Thursday, March 06, 2008

There Will Be Blood, Oh Yes, There Will Be. There Will Be...

His milkshake brings all the boys to the oil yard

Today for our wedding anniversary my wife and I went to a romantic movie. Just kidding! We went to see There Will Be Blood, the spellbinding tragic saga of a fictional oil man from the late 1800s-early 1900s. I went in expecting a dark intense drama and instead saw one of the best movies released in years. Blood is the type of movie that hasn't been seen since the early 80's-an epic film that exists more to tell a good story than anything else. Anchored by a masterful performance by Daniel Day Lewis as frontier prospector turned savvy oil man Dan Plainview, the film tells his story from his humble one man Silver mining operation to his expansion to oil tycoon.

The story follows Plainview as his growing Silver mining strikes Oil. They skip forward to Plainview becoming a self made oil tycoon with his son in tow as his protege'. A tip leads to mining in a small California town where Plainview finds himself in a struggle for power against a local minister looking to parlay Plainview's money into financing his career ambitions.

There Will Be Blood has many parts that seem familiar: Power struggles between the wealthy and the Church, a ruthless rich man who has estranged himself from people and covering a character's life over the course of decades. But I can honestly say, after a lifetime of seeing movies, I've never seen a movie quite like this. Blood shows a full portrait of Dan Plainview, his selfish greedy drive and insecurity balanced against his love for his son. Meanwhile, the ambitious minister played by Paul Dano gives a fantastic performance as the seemingly devout holy man whose theatrical intensity masks his true intentions.

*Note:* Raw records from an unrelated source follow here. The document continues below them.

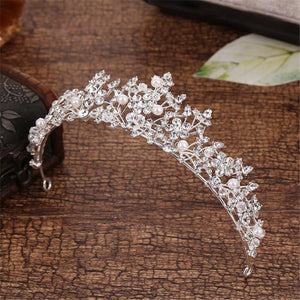 Crystal and Pearl Floral Tiara-Your Wedding Veil Store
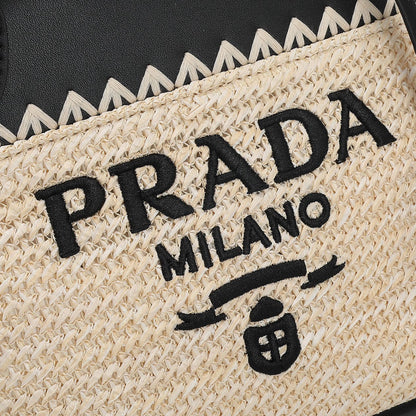 Pra*da Crochet Straw Bag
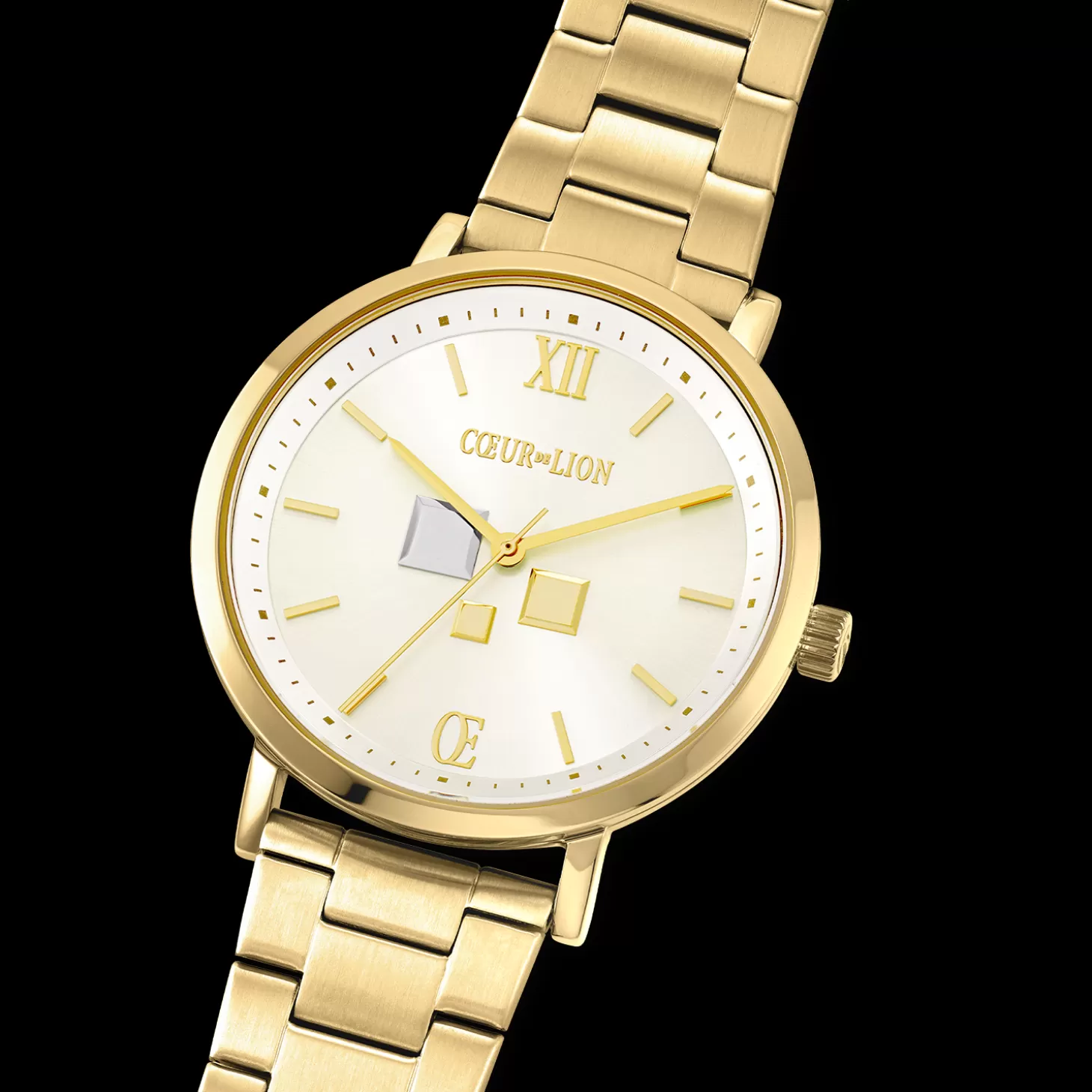 COEUR DE LION Watch Round Statement Unisex White Sunray Stainless Steel Frosted Gold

Paul Thomas Anderson, who directed one of my all time favorite films Boogie Nights, gives a clinic on expert direction 101. Not a single shot is wasted, every moment evokes both a sense of place and visual clues to the emotion of the story. The dirty claustophobia of the mines, the hellish hazards of oil derricks, the rugged open countryside of late 19th century California all come to life. Anderson shoots Blood as if you are there, not documentary style but with clever use of point-of-view shots to have the audience observe behavior rather than be told or explained on what it is. Oil and blood occasionally splatter right on the camera as if it was in our face. A great score adds tension throughout the movie as even what should be happy times for the characters have horror movie music.

Ultimately this is a tale of greed on every level-leveraging superior financial power, control of the community and emotional manipulation. Greed has it's cost and through this detailed character study you see its effects. And yet it's not preachy. Instead, its one of the most realistic depictions of a fictional human being I've ever seen. This is not a feel good movie by any stretch of the imagination, but it is one of the best movies to come out in this decade.